[Material supplied Boundary: Start]

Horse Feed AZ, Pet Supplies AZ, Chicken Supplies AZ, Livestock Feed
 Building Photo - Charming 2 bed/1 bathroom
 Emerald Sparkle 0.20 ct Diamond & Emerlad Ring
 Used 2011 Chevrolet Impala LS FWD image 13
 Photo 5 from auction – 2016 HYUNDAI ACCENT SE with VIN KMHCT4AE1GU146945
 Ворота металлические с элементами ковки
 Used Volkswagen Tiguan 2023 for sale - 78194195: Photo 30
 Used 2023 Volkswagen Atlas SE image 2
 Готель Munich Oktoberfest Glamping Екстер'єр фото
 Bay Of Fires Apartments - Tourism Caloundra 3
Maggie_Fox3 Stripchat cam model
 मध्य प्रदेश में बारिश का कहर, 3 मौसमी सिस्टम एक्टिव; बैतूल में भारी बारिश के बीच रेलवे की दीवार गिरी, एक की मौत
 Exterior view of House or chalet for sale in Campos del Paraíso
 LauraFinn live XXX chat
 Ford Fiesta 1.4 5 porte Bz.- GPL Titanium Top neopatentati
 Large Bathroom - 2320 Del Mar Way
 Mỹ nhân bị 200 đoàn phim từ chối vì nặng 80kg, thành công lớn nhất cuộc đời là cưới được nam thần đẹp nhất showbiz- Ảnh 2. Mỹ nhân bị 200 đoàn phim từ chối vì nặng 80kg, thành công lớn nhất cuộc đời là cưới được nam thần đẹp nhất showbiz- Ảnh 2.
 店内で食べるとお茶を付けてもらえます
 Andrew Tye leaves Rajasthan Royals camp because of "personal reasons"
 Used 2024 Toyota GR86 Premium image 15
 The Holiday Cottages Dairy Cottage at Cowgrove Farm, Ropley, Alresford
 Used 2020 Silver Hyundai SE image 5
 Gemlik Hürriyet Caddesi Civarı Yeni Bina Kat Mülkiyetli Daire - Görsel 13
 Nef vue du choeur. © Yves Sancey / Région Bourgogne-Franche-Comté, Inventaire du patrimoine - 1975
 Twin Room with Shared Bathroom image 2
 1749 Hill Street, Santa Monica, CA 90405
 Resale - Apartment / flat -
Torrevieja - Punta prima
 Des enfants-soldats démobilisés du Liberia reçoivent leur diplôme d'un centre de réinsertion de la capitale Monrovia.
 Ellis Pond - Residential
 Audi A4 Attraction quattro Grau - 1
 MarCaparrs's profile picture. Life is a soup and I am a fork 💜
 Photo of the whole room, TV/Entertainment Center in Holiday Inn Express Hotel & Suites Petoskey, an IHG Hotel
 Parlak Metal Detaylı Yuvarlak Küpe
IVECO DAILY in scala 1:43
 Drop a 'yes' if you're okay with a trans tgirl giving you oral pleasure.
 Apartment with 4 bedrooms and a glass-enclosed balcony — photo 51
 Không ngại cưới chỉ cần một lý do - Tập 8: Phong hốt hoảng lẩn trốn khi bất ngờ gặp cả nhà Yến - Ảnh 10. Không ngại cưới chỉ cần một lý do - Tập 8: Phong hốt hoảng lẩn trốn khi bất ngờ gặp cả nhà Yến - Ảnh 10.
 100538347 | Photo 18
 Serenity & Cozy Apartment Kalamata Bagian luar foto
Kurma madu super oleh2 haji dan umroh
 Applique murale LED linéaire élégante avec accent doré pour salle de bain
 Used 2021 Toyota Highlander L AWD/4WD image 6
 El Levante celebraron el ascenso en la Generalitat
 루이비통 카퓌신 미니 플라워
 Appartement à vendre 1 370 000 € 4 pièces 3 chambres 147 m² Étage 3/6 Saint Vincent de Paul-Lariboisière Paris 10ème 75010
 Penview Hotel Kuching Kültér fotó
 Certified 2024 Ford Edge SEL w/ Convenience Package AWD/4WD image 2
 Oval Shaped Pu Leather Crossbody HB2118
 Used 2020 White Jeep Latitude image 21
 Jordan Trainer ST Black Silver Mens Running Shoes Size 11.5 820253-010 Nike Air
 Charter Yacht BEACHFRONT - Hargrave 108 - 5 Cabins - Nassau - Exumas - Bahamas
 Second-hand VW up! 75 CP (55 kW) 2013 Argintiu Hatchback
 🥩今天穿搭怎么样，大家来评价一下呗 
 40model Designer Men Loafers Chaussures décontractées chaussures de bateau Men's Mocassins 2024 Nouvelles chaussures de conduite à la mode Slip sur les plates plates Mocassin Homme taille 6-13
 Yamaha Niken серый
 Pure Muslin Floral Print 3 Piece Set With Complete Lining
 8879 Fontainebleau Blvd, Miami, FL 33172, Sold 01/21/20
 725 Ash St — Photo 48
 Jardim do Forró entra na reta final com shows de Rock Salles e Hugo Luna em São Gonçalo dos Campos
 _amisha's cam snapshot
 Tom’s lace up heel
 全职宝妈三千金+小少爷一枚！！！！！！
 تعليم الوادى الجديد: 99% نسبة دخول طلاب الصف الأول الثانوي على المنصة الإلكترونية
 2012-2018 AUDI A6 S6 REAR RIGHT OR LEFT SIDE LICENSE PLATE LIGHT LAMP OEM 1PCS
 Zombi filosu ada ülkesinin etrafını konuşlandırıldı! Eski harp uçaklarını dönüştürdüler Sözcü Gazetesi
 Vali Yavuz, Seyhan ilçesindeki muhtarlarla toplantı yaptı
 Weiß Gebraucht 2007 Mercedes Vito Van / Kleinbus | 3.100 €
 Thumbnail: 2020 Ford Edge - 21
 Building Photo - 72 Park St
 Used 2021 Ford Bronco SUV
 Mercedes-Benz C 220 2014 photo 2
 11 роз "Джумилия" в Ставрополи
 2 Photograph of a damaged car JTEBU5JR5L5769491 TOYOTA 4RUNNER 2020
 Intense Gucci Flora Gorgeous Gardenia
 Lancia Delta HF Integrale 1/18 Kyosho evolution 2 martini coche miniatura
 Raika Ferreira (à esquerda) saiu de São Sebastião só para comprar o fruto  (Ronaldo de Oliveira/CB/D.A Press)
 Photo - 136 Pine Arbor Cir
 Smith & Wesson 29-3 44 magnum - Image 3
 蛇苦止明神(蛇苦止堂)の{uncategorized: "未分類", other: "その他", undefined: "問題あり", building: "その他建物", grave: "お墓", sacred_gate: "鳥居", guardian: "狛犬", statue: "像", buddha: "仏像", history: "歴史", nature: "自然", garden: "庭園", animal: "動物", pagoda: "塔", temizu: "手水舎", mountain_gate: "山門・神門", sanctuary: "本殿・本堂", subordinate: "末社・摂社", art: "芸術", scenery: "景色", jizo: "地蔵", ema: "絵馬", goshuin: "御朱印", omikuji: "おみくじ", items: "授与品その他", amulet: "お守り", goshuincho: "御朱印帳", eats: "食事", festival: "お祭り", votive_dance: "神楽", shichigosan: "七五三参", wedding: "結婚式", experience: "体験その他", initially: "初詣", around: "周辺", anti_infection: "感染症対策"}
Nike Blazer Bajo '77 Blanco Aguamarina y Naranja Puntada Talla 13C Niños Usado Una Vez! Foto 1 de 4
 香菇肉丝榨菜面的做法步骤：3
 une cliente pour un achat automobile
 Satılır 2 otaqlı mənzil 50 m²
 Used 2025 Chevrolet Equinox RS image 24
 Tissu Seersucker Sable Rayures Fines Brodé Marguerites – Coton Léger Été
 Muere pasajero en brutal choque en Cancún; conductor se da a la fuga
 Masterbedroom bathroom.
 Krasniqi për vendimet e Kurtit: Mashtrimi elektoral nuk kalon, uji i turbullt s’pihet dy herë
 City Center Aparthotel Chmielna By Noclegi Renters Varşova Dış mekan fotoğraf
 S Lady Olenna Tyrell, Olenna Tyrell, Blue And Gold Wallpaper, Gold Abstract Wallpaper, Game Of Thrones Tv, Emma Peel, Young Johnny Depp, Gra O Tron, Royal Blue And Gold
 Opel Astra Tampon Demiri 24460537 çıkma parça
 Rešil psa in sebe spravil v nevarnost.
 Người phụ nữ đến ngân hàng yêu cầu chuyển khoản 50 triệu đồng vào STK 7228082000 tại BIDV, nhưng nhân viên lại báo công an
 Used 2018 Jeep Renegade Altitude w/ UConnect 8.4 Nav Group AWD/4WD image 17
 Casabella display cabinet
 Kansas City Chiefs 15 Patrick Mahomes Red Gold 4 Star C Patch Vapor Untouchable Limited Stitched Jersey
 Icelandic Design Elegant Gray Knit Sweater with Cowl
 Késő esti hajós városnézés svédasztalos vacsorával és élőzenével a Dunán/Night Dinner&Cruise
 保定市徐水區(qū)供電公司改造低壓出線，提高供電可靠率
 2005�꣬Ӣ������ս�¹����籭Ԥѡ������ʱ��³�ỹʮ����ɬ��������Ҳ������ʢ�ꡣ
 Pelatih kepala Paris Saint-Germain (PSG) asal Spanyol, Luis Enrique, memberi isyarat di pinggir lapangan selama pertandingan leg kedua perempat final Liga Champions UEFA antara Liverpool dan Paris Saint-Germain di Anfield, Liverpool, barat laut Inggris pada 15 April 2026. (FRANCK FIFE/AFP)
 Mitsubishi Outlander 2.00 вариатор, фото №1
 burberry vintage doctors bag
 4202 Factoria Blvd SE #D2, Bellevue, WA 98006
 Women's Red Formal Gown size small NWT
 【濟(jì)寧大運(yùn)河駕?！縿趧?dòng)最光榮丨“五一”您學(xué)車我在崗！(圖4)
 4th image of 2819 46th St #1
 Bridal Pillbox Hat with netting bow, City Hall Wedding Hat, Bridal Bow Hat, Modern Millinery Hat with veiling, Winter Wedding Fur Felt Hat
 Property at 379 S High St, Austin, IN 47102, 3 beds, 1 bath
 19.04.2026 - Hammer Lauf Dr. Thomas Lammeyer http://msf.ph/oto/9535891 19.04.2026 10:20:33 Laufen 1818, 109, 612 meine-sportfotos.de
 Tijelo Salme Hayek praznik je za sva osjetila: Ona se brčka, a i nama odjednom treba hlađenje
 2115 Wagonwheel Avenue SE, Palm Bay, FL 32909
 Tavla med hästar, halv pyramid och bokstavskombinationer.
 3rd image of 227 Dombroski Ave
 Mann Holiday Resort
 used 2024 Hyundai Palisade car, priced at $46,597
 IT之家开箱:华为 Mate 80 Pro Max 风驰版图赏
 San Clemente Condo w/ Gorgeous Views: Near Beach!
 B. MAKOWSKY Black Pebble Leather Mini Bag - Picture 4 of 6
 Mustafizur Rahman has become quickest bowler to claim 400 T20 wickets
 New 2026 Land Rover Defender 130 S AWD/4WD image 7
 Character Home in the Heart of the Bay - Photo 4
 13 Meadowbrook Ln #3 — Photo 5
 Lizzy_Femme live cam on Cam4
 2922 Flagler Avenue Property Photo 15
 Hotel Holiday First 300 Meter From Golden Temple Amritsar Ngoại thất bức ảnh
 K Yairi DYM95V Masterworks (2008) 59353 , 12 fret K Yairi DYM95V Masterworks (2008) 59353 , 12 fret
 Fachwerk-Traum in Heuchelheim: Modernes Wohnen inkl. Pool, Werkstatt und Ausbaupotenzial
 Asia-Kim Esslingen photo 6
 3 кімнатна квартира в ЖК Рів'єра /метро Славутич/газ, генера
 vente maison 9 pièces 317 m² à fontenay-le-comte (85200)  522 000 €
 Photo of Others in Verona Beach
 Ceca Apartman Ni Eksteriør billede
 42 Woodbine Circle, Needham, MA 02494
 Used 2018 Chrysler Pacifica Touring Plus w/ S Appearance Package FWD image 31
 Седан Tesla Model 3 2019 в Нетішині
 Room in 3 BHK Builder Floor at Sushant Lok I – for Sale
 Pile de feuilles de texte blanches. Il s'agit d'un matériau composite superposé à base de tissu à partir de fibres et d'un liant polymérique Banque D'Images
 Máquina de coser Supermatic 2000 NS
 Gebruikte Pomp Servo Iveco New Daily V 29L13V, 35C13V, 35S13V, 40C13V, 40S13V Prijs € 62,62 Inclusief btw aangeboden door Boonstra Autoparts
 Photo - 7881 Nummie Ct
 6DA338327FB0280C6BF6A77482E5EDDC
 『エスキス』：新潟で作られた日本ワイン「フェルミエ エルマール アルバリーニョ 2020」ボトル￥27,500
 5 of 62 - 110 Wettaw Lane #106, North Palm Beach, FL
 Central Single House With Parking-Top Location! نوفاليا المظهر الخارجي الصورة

[Material supplied Boundary: End]

▸ What you need to do
Where in the records does the word "pour" appear? Copy each line that holds it.

▸ Exercise result
 Applique murale LED linéaire élégante avec accent doré pour salle de bain
 une cliente pour un achat automobile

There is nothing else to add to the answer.